That would have assured shaky Democrats, including me, that the president understands the stakes of the 2024 election – and why we are concerned about his debate performance last week.

Let’s be clear about what all Democrats and many patriotic Republicans believe: Donald Trump is the end of American democracy if he wins the election in 122 days. It’s not a question of whether he should be defeated – this isn’t Mitt Romney in 2012. It’s a question of he MUST be defeated. 

And what the president and his loyalists need to understand is that little else matters.

But one of those things is what’s driving this conversation. The fact that those who aren’t as steadfast in their commitment to defeating Trump – young people who don’t completely grasp the stakes and older voters more concerned about issues like the economy – have a tough time believing the best alternative is someone who reminds them of their aging parent or grandparent.

Biden does that every time he listens to a question with that slackjaw expression. 

I understand why this is hard for the president.

He is a man who believes in merit. It’s how he was raised. It’s why people think of him as decent and honest.

Biden believes his record warrants reelection. In my mind – and that of virtually all Democrats –  he’s right. 

He has turned the economy around – employment has hovered at 4% or below for a long time, and the jump to 4.1% reported yesterday is partly due to the fact that more people feel confident to look for a job.
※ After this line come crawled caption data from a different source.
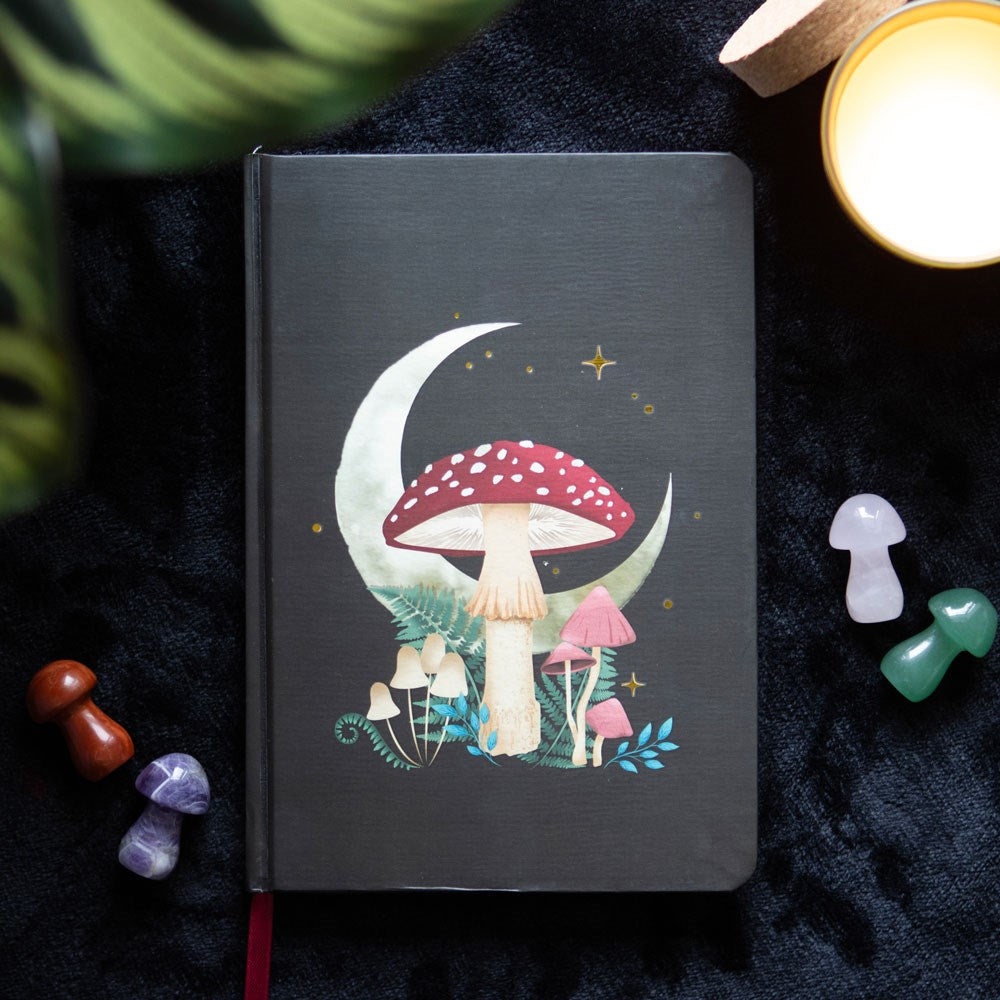 Dark Forest Mushroom A5 Notebook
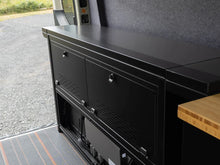 Load image into Gallery viewer, Flatline Van Co Modular Cabinet Bed for 2015+Ford Transit Van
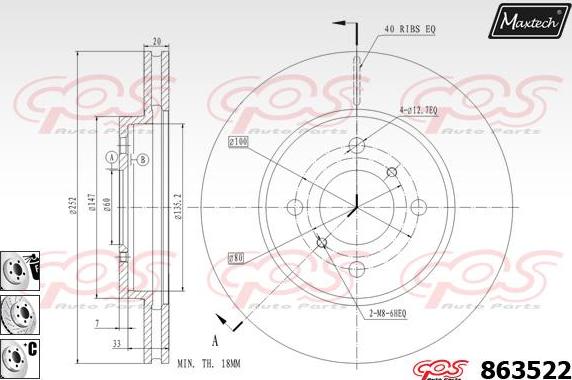 Maxtech 5271042 - Steering Knuckle, wheel suspension car-mod.net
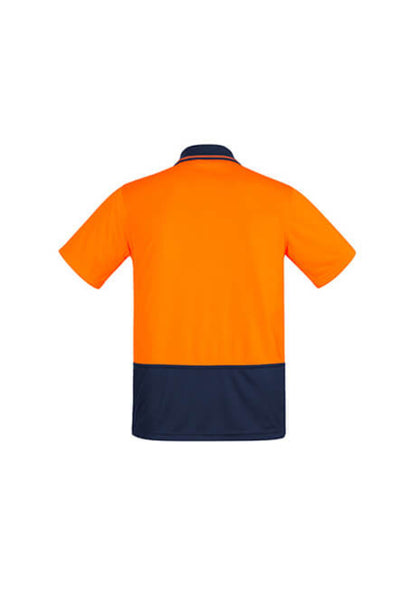 Syzmik Mens Hi Vis Comfort Back S/S Polo (ZH415)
An advanced recovery is still creating 200,000 jobs a month – that’s a phenomenal number this far along.

If you try to drive anywhere this summer, you’re probably frustrated by some highway construction project. But that tells you two things: one, people are confident enough about their finances that they feel comfortable taking trips and, two, Biden delivered on the promise to rebuild our infrastructure.

Biden has also reestablished American leadership in the world. He’s been a key factor in Ukraine holding off Russia and in forging new alliances with Japan, South Korea and other Pacific nations. Europe and east Asia are shaking about the possibility that Trump will come back and continue cozying up to Vladimir Putin and Kim Jong-Il. 

It’s just that merit won’t work in 2024.

The Republican Party is all-in on a would-be dictator. A compulsive liar and a self-centered brat. And unlike Great Britain, whose voters don’t have propaganda networks like Fox and Newsmax to tell them not to believe their lying eyes, Americans on the right have no sense of the truth about Trump. 

It must feel like betrayal to Biden and those still loyal to him. 

They canceled subscriptions to The New York Times when it called for Biden to drop out, wondering why a doddering Trump isn’t held to the same standard. They’ve lashed out at the Democratic elected officials who have suggested Biden reconsider. They wonder – as Kareem Abdul-Jabbar did is his always excellent blog – why you pander to the least committed voters, who jump ship at the sign of danger.

The thing is that people worry that the ship they’re on is the Titanic – and they want to stop it from hitting the iceberg. That iceberg is the end of the American experiment in democracy. 

And if you think that’s overly dramatic, consider the presidential immunity decision of the Supreme Court. As well the Republican Project 2025 blueprint that even Trump is trying to back away from because of actress Taraji P. Henson’s brilliant recommendation that people actually read its totalitarian designs.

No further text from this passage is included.